Researchers at GE Aerospace’s Global Research Center in Niskayuna, New York, have announced the successful testing of a new dual-mode hypersonic ramjet engine. This breakthrough represents a significant milestone, as development from design to test was completed in less than 11 months. The new engine promises to dramatically increase the thrust and range of hypersonic aerospace platforms for both military and commercial purposes.
“The rapid progression from design to test underscores our commitment to driving innovation in hypersonic technologies,” said Amy Gowder, president and CEO of Defense and Systems at GE Aerospace. Gowder emphasized that this milestone not only showcases the team’s talent and dedication, but also reaffirms GE Aerospace’s position as a leader in the pursuit of hypersonic flight.
A conventional ramjet engine takes advantage of the high-speed airflow entering the front of the engine to generate large amounts of thrust, working efficiently at supersonic speeds where typical turbofan engines fail. Ramjets that operate above the speed of sound are sometimes called scramjets. GE Aerospace’s dual-mode hypersonic ramjet system combines this technology with rotary detonation combustion (RDC), an advanced form of power generation. In RDC engines, combustion is carried out by detonation waves, unlike the methods used in conventional aircraft engines.
The combination of these technologies can theoretically generate thrust at speeds that reach or exceed Mach 5, approximately 4,000 miles per hour, classifying these speeds as hypersonic.
Previously, building an efficient ramjet at supersonic and hypersonic speeds has faced significant obstacles. A normal dual-mode ramjet only operates efficiently above Mach 3. However, GE Aerospace engineers, with years of experience in RDC engines, have developed a dual-mode engine that can operate at speeds lower than Mach 3 and higher than Mach 5. In addition, GE Aerospace has been working on the development of high-temperature materials and electronics to withstand the harsh conditions of hypersonic flight. This work includes advances in high-temperature ceramic matrix composites, silicon carbide power electronics, fuel additive technologies and other areas related to successful operation in high-temperature conditions.

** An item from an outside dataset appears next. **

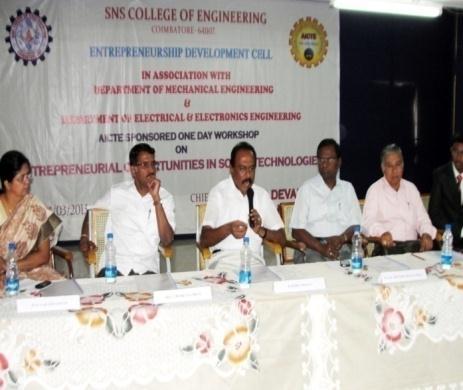 WORKSHOP ON ENTREPRENEURIAL OPPORTUNITIES IN SOLAR TECHNOLOGIES The Department of Electrical and Electronics Engineering & Department of Mechanical Engineering of SNS College of Engineering organized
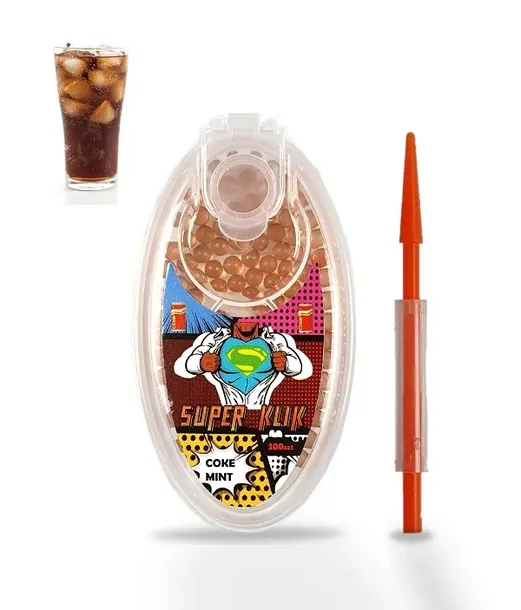 MOCNE SUPER KLIK kulki smakowe do papierosów COLA MIĘTA 100 szt.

“The highly successful demonstration of a DMRJ with the RDC is a result of more than 10 years of work at the RDC, including the strategic acquisition of Innoveering, which brought cutting-edge technologies and expertise in hypersonic propulsion and ramjets,” explained Gowder, highlighting the acquisition of the hypersonic engineering and high-speed propulsion company, Innoveering, in 2022.
The recent tests, which began in March, were carried out at the company’s high-speed propulsion test facility in Evendale, OH, where the new ramjet was evaluated in various simulated supersonic airflow environments. All tests were successful, with the engine demonstrating dramatically greater airflow than previous ramjet engines. “The tests showed promising results,” explained GE Aerospace, ”exceeding performance expectations and demonstrating robust operation of a dual-mode ramjet with a three times (3X) increase in airflow compared to previously flight-tested hypersonic technology demonstrators.”
Mark Rettig, vice president and general manager of Business Development and Technology at Edison Works, GE Aerospace, pointed out that the successful development and demonstration of GE’s technologies positions the company to provide differentiated hypersonic propulsion systems for its customers now and in the future. “We have brought together the right expertise, with the right capabilities, and invested strategically to ensure that we are aligned very closely with our customers’ needs,” Rettig added. “The significant results we have had so far give us confidence that we are moving in the right direction.”
Future development of the new dual-mode ramjet will focus on reducing engine operating speed and improving RDC/Ramjet efficiency. “The robust performance of the technology paves the way for the next phase of development,” said Rettig, ”which will focus on continued testing and technology demonstration in alignment with our roadmap for integrated high-speed propulsion solutions.”